*** Begin section ***

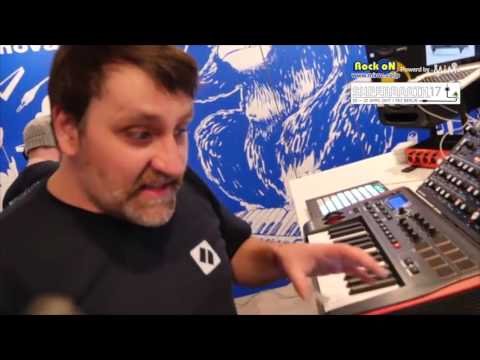 novation circuit monostation in SUPERBOOTH17 by Rock oN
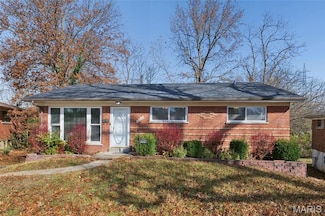 1540 Park Way Dr, Saint Louis, MO 63130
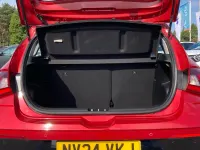 Used Hyundai i20 Advanced 100 HP (73 kW) 2024 Red Hatchback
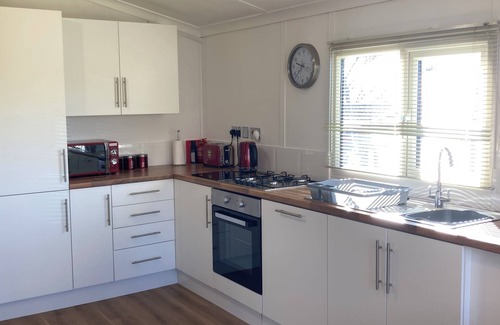 Hurst Green Cabin | Quakerfield Lodge, with private hot tub nFabulous views, dogs welcome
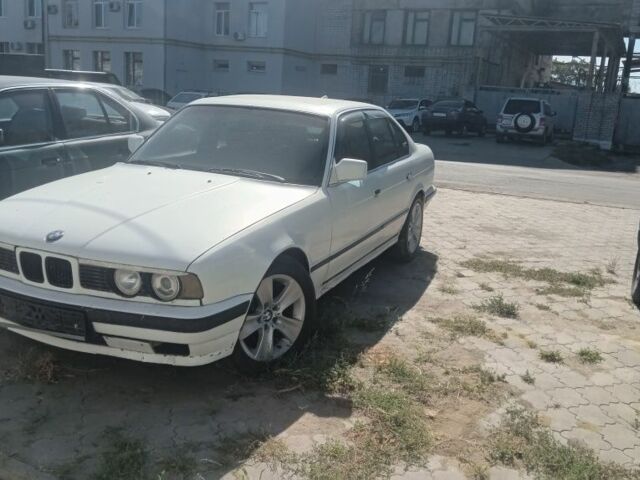 Белый БМВ 5 Серия, объемом двигателя 0 л и пробегом 400 тыс. км за 1045 $, фото 1 на Automoto.ua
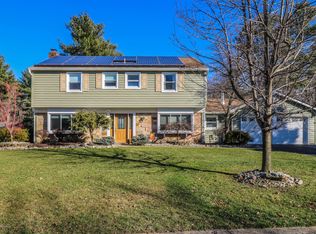 8 Prests Mill Rd, Old Bridge, NJ 08857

*** End section ***

Your goal
Copy out exactly the lines between the line containing "Белый БМВ 5" and the end of the entries, including both, and leave the pictures behind.

Written solution
 Белый БМВ 5 Серия, объемом двигателя 0 л и пробегом 400 тыс. км за 1045 $, фото 1 на Automoto.ua
 8 Prests Mill Rd, Old Bridge, NJ 08857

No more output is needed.